Function of gel loading dye:

Gel loading dye has three important functions in agarose gel electrophoresis:

  1. It gives the colour indication for migration of DNA. Electrophoresis progression can be monitored due to the BPB.
  2. The loading dye gives density to the DNA. DNA solution is less dense, hence it comes out from the well. The loading dye contains the Ficoll or glycerol which gives density to the DNA. Therefore DNA cannot come out from the well.
  3. It settled DNA into the bottom of the well. The settled DNA can migrates properly and gives nice and sharpened bands on to gel.

 BPB runs parallel to 1000bp in 0.8% agarose gel, 150bp in 2% agarose gel and 50bp in 3% agarose gel concentration, so it runs ahead of the DNA fragment. Because of this, DNA does not run out from agarose gel. 


Read another article of gel electrophoresis series: Role of EtBr in molecular genetics and cytogenetics 


We can also monitor sample overflow, cross-contamination or leakage because of the colour composition of loading dye. 

The composition of dye is very important because the clarity of the result will be obtained by maintaining the proper concentration of component used in loading dye.

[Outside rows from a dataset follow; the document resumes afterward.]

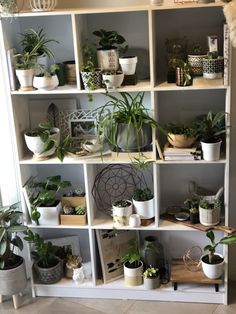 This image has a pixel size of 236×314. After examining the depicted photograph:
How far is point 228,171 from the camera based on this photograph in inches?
107

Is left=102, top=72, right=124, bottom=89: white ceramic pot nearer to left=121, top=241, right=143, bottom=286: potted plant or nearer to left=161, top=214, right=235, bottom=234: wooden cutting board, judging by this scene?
left=161, top=214, right=235, bottom=234: wooden cutting board

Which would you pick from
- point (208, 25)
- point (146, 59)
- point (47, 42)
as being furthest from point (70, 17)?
point (208, 25)

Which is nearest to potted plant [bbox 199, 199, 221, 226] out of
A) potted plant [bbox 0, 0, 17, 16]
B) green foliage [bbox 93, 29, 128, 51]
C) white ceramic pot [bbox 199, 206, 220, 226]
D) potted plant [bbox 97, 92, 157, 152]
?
white ceramic pot [bbox 199, 206, 220, 226]

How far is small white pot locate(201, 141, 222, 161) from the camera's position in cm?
265

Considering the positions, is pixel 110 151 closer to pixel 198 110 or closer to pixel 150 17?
pixel 198 110

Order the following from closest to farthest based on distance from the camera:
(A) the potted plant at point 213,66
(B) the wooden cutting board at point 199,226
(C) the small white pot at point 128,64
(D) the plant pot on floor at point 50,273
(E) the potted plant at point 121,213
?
(A) the potted plant at point 213,66 < (C) the small white pot at point 128,64 < (B) the wooden cutting board at point 199,226 < (E) the potted plant at point 121,213 < (D) the plant pot on floor at point 50,273

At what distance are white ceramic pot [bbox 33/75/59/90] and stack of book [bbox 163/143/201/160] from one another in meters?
0.68

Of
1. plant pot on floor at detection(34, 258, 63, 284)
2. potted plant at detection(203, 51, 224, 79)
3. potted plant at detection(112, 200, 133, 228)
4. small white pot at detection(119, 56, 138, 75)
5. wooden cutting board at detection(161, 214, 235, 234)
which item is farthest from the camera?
plant pot on floor at detection(34, 258, 63, 284)

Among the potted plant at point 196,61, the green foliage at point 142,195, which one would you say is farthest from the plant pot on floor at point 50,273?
the potted plant at point 196,61

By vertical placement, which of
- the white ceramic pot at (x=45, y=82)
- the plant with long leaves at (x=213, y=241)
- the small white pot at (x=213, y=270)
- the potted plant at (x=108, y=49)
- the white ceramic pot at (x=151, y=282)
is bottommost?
the white ceramic pot at (x=151, y=282)

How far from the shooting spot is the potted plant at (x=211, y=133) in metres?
2.66

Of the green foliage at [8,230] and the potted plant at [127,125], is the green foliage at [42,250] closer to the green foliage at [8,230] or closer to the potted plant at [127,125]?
the green foliage at [8,230]

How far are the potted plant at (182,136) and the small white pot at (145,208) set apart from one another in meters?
0.36

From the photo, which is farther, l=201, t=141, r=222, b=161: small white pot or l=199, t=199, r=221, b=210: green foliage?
l=199, t=199, r=221, b=210: green foliage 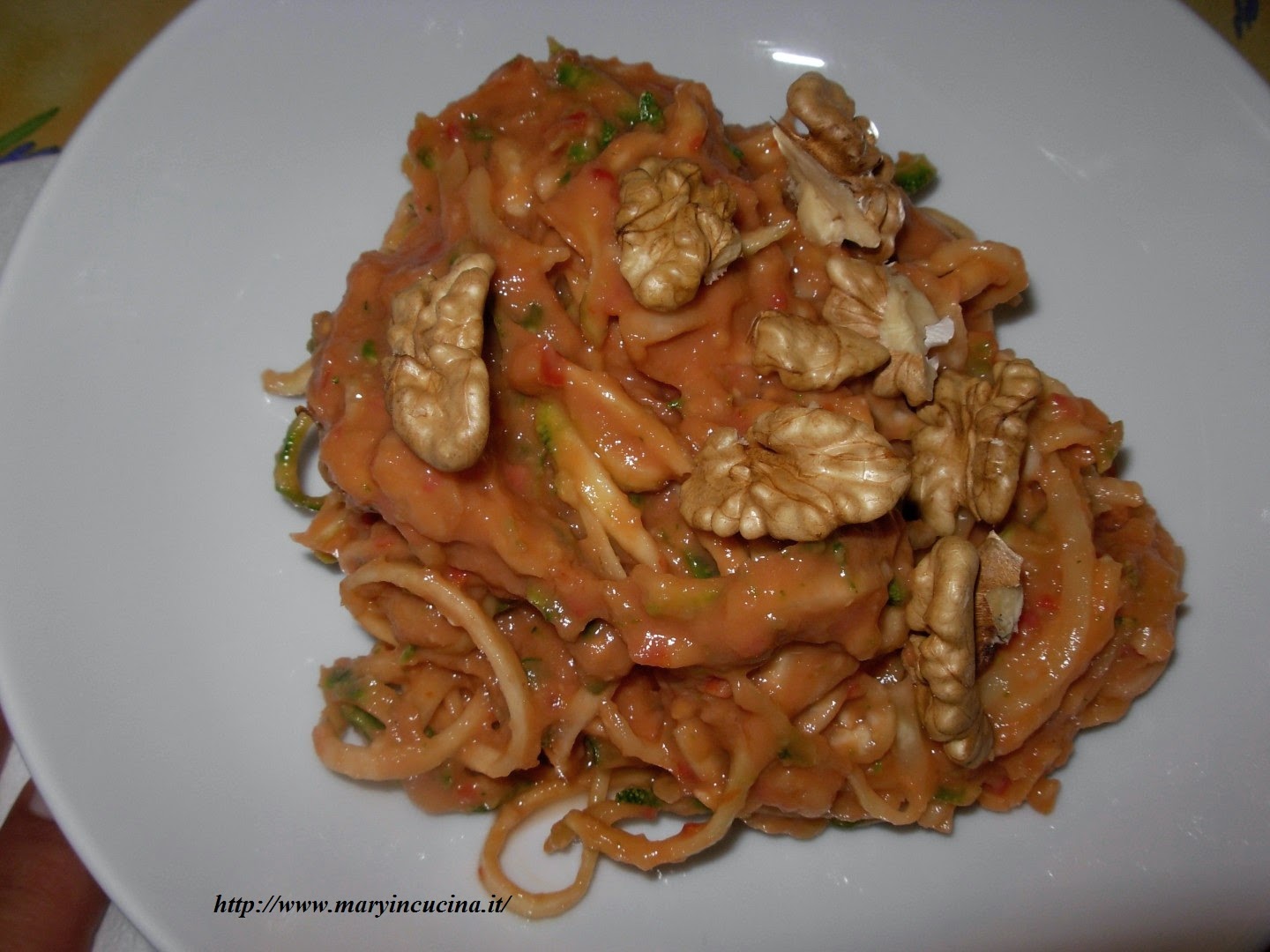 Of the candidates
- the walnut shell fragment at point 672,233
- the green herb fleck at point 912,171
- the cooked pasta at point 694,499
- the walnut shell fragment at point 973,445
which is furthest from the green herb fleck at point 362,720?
the green herb fleck at point 912,171

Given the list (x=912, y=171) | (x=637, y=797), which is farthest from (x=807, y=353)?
(x=637, y=797)

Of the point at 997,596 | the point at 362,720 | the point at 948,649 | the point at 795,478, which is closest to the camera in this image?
the point at 795,478

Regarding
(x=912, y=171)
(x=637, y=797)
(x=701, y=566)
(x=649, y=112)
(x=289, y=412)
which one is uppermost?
(x=912, y=171)

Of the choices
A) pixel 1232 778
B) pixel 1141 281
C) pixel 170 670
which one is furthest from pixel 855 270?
pixel 170 670

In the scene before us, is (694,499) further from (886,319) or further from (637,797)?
(637,797)

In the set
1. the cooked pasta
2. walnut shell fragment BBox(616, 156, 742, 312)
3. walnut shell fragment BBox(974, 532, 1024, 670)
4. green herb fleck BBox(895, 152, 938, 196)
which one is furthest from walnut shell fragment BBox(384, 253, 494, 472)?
green herb fleck BBox(895, 152, 938, 196)

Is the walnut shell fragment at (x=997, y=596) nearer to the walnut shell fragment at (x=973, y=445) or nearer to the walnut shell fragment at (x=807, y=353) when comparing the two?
the walnut shell fragment at (x=973, y=445)

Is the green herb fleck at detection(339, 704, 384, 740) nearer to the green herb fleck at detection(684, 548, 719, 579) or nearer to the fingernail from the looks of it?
the green herb fleck at detection(684, 548, 719, 579)

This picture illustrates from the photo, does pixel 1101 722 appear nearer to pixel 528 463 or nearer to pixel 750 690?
pixel 750 690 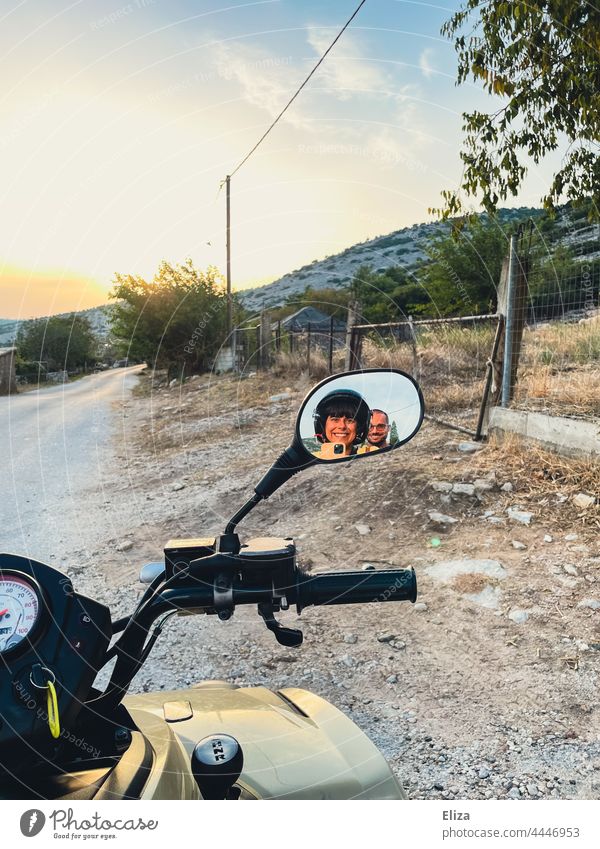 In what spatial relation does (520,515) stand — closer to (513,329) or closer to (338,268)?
(338,268)

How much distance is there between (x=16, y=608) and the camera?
0.83 m

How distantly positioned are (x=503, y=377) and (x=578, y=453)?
123 centimetres

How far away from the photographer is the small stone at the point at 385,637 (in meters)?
2.77

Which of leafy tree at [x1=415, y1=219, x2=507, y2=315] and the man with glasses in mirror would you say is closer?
the man with glasses in mirror

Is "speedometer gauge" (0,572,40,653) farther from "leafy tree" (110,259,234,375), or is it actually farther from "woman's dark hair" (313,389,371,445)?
"leafy tree" (110,259,234,375)

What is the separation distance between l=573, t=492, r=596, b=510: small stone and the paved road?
9.62 feet

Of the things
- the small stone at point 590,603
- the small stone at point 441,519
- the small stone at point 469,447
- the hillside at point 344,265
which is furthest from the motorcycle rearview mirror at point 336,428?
the small stone at point 469,447

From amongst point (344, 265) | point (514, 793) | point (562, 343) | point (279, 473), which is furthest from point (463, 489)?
point (279, 473)

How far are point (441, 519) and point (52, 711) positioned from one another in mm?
3210

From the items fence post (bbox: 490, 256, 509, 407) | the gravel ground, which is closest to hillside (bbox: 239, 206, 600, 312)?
the gravel ground

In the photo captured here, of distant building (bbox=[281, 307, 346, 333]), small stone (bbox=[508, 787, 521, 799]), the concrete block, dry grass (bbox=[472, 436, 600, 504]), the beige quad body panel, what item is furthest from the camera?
distant building (bbox=[281, 307, 346, 333])

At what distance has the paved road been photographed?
4012 millimetres

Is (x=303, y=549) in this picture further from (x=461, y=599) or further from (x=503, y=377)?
(x=503, y=377)

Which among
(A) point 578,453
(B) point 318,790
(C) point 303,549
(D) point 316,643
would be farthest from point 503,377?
(B) point 318,790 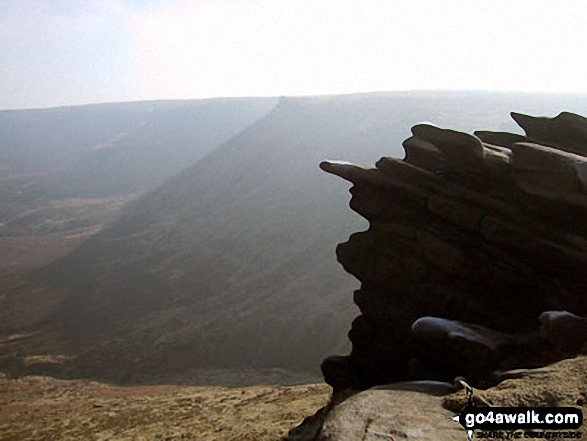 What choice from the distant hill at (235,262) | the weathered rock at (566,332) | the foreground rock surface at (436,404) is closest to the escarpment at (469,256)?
the weathered rock at (566,332)

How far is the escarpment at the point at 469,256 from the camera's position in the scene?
1638 cm

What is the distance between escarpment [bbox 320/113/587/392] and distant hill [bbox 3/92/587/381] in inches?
1127

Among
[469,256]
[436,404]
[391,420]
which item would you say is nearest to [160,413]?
[469,256]

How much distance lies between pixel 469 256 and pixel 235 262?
5993 cm

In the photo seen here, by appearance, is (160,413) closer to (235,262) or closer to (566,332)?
(566,332)

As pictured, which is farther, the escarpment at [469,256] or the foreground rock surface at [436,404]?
the escarpment at [469,256]

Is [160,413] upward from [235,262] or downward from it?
upward

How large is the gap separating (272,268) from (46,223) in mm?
94463

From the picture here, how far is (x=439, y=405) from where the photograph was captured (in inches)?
486

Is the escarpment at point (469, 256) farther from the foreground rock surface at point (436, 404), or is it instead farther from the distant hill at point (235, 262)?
the distant hill at point (235, 262)

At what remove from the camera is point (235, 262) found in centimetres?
7675

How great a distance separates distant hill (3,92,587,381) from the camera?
177ft

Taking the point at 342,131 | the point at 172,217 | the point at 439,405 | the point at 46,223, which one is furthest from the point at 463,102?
the point at 439,405

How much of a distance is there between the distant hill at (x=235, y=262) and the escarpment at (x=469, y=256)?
28.6 m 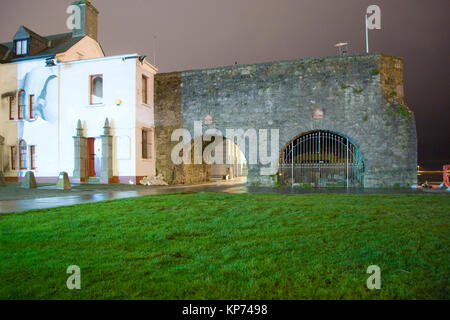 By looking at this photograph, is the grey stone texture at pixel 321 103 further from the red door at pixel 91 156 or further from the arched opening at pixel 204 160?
the red door at pixel 91 156

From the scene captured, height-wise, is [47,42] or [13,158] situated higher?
[47,42]

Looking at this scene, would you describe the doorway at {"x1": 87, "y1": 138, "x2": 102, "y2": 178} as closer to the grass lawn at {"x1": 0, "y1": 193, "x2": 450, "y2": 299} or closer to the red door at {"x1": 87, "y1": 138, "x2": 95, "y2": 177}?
the red door at {"x1": 87, "y1": 138, "x2": 95, "y2": 177}

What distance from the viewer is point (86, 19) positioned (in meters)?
21.6

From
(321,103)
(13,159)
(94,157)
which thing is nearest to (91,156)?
(94,157)

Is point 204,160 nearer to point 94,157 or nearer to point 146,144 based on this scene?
point 146,144

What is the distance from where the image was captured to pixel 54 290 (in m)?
2.87

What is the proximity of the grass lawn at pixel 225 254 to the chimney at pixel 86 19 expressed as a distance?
18.7 metres

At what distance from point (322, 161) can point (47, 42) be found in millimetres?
19239

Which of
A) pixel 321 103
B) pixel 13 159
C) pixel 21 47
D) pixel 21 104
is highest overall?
pixel 21 47

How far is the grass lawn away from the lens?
2877 mm

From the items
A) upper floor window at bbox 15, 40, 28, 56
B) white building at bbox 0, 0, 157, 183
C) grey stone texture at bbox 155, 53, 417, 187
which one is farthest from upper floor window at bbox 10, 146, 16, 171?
grey stone texture at bbox 155, 53, 417, 187

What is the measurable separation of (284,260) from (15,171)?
820 inches

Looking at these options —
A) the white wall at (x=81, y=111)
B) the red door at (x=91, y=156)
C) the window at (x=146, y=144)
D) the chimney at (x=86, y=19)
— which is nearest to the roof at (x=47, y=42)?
the chimney at (x=86, y=19)

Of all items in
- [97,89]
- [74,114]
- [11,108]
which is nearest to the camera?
[74,114] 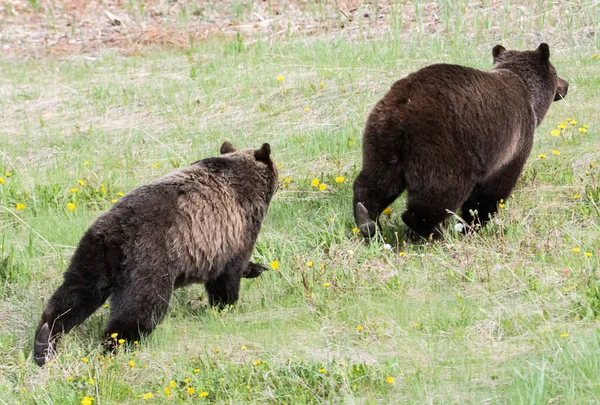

DNA gel loading dye compositon:

The composition of 1X loading dye,

  • 0.042 % (W/V) Bromophenol blue powder
  • 2.5 % Ficoll
  • 0.042% (W/V) Xylene cyanol FF (optional)
  • Final makeup with D/W

To make an effective DNA loading Dye, the loading dye should have the following characteristics:

  • To increase the effectiveness and quality of the result, another dye called as Xylene Cyanol should be used in combination with the Bromophenol blue.
  • The dye should impart contrast colour and can migrate ahead of DNA. If it migrates with our DNA fragments than the fragment cannot be visualized properly under UV light.
  • The dye contains a negative charge (more specifically the BPB) so that it can migrate toward the positive node in agarose gel electrophoresis.
  • The component of dye should not interact with DNA otherwise it can affect the structural hierarchy and mobility of DNA.
  • Further, It should not react with agarose.
  • The loading dye must be temperature stable. Sometimes, the temperature of the agarose buffer will increase at a high voltage. In this situations, the components of loading dye remain stable otherwise it will hinder in the result.
  • The shelf life of loading dye should be longer.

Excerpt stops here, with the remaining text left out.